### [Extracted data]

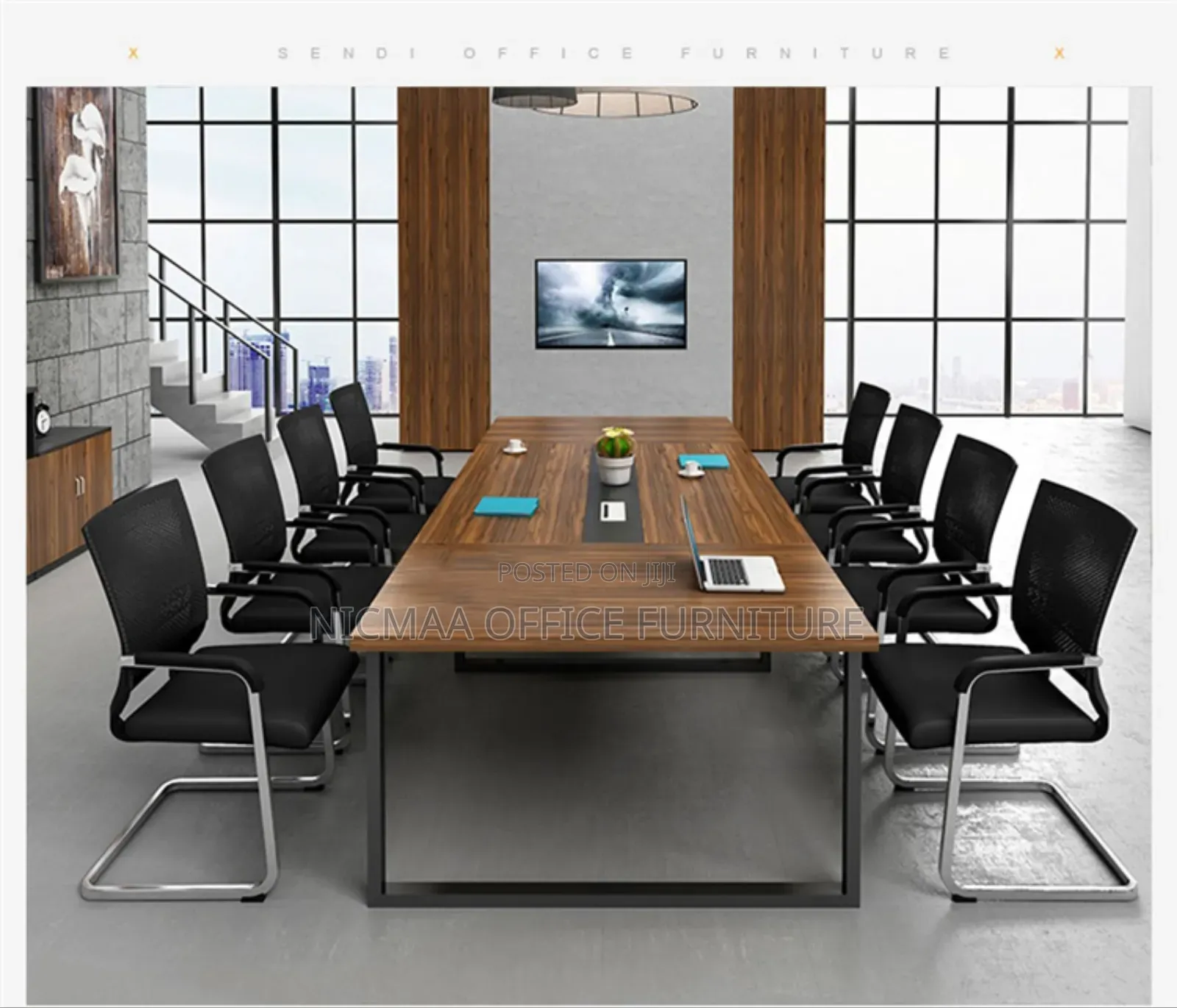 Boardroom Table: 2.4m Spacious Design Mahogany Table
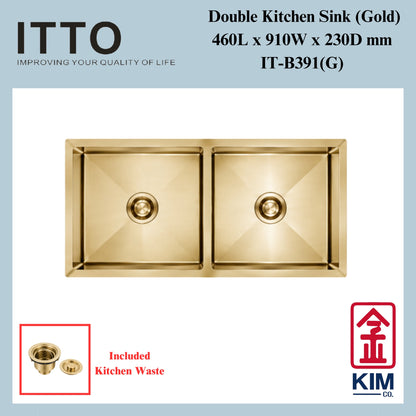 Itto Nano-Coated Double Bowl Kitchen Sink (Gold)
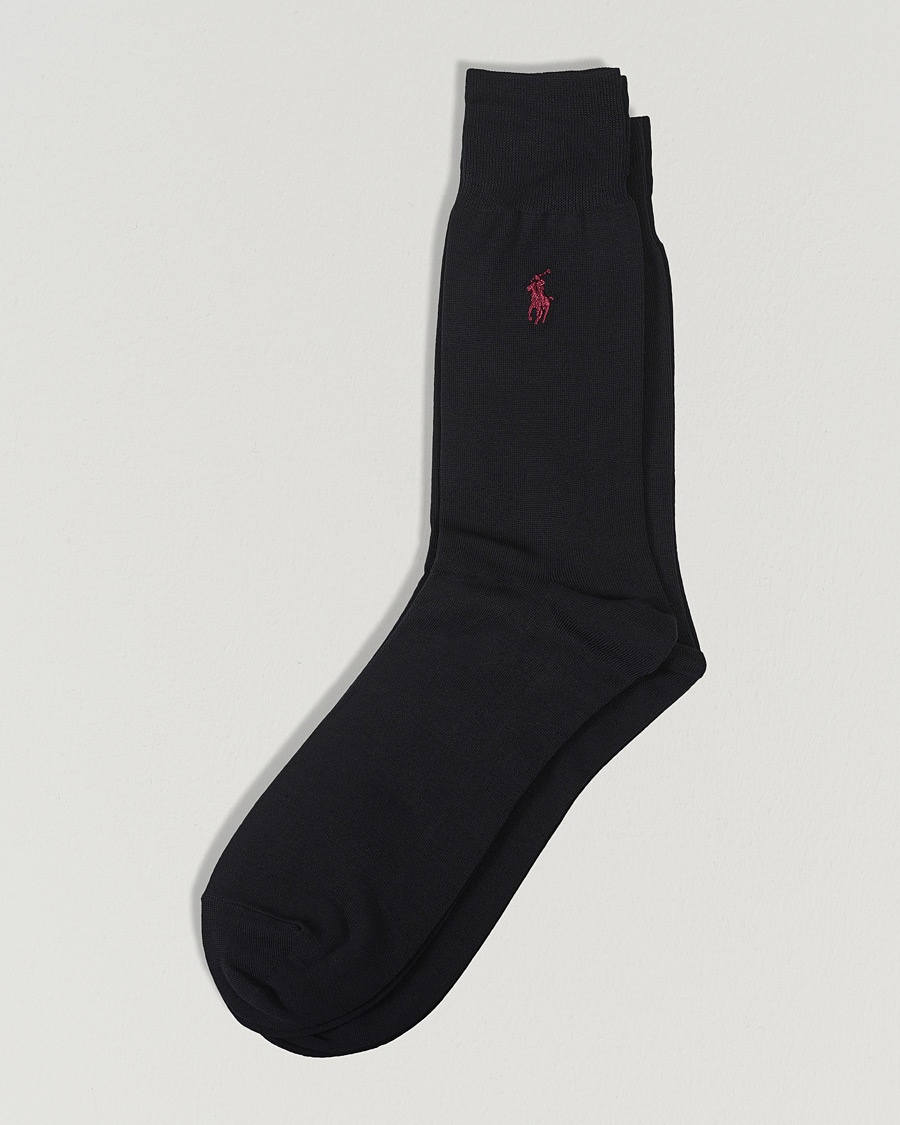 Polo Ralph Lauren 2-Pack Mercerized Cotton Socks Black – Musta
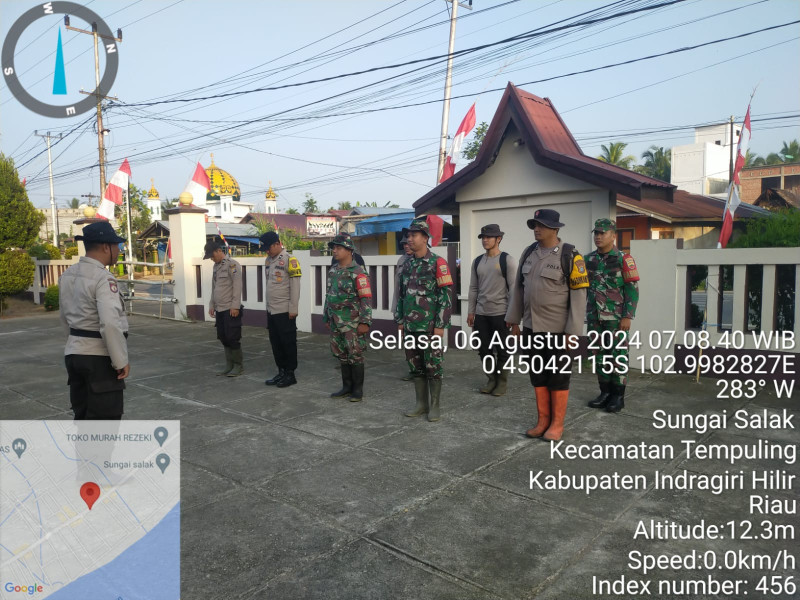 Siaga Karhutla Bersama Polsek Tempuling, Koramil 03/Tpl Gelar Apel Kesiapsiagaan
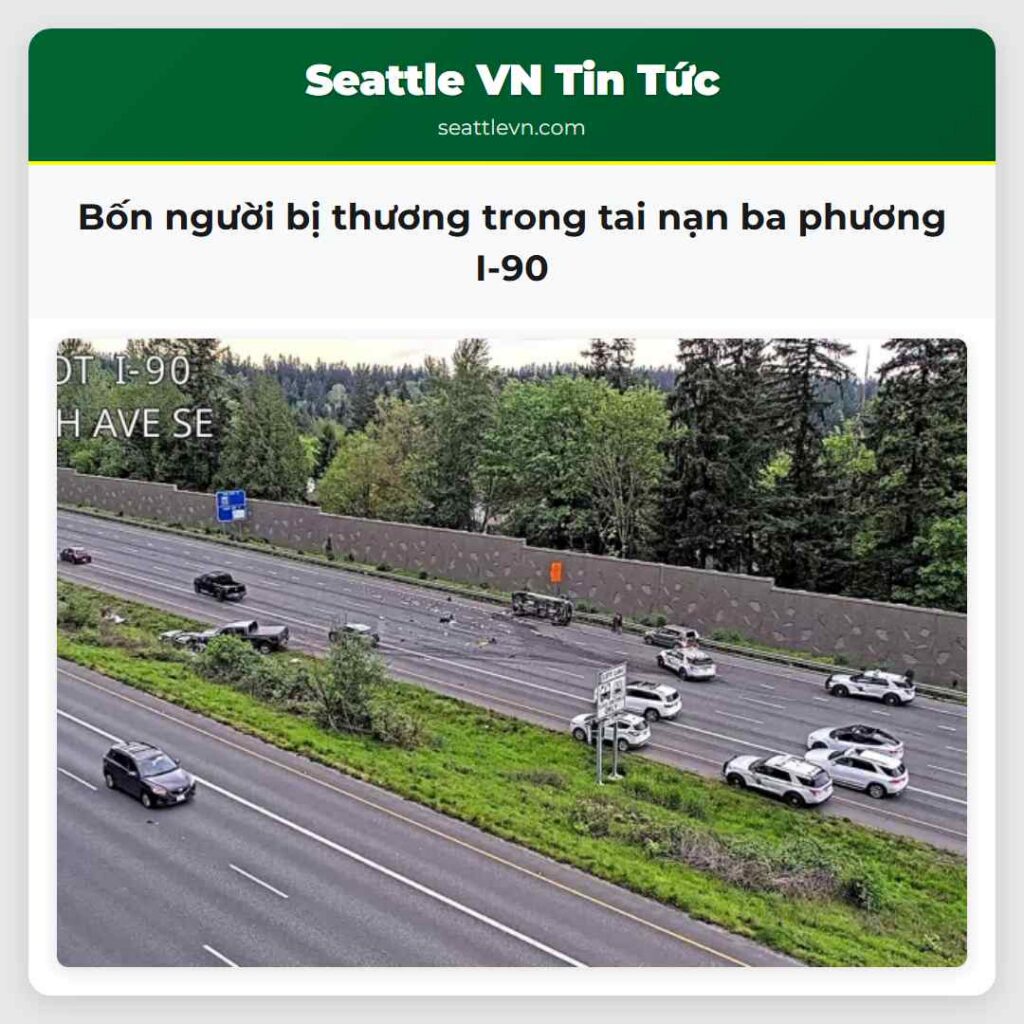 Bốn người bị thương trong tai nạn ba phương I-90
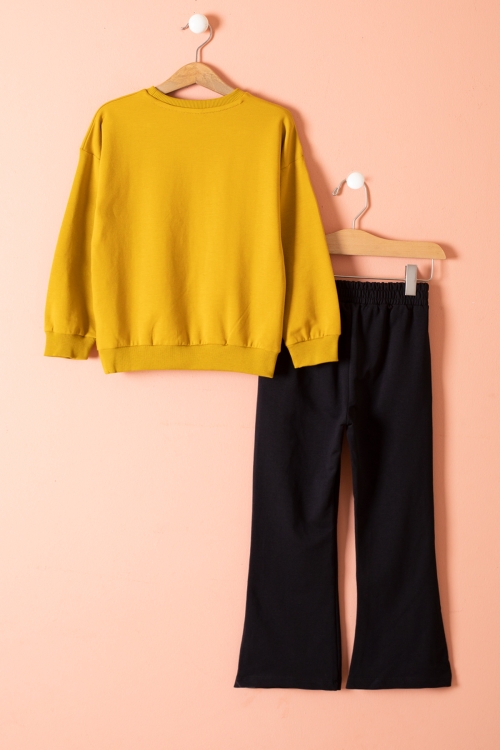 Hardal Ayıcık Baskılı İspanyol Paça Pantolonlu Kız Çocuk Takım 18570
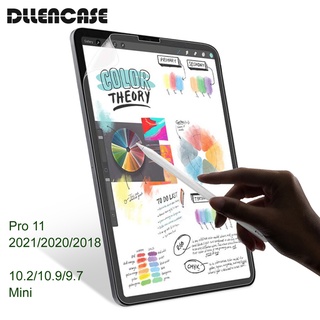 Dllencase กระดาษเช่นหน้าจอป้องกันฟิล์ม Matte PET ภาพวาดเขียนสำหรับ Compatible For iPad 2018 9.7 Air 2 3 4 10.5 2020 Pro 11 10.2 7th Gen Mini 4 5 6 A017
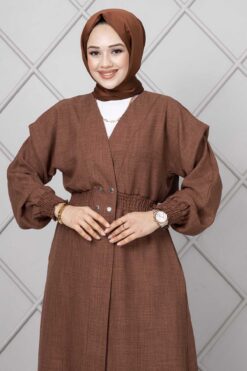 Alternative view of Long Elastic Waist Modest Coat Brown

### [Work order]
Without the pictures, give every line of the data again, exactly as written.

### [Task output]
 Boardroom Table: 2.4m Spacious Design Mahogany Table
 Itto Nano-Coated Double Bowl Kitchen Sink (Gold)
 Polo Ralph Lauren 2-Pack Mercerized Cotton Socks Black – Musta
 Siaga Karhutla Bersama Polsek Tempuling, Koramil 03/Tpl Gelar Apel Kesiapsiagaan
 Bốn người bị thương trong tai nạn ba phương I-90
 Hardal Ayıcık Baskılı İspanyol Paça Pantolonlu Kız Çocuk Takım 18570
 Dllencase กระดาษเช่นหน้าจอป้องกันฟิล์ม Matte PET ภาพวาดเขียนสำหรับ Compatible For iPad 2018 9.7 Air 2 3 4 10.5 2020 Pro 11 10.2 7th Gen Mini 4 5 6 A017
 Alternative view of Long Elastic Waist Modest Coat Brown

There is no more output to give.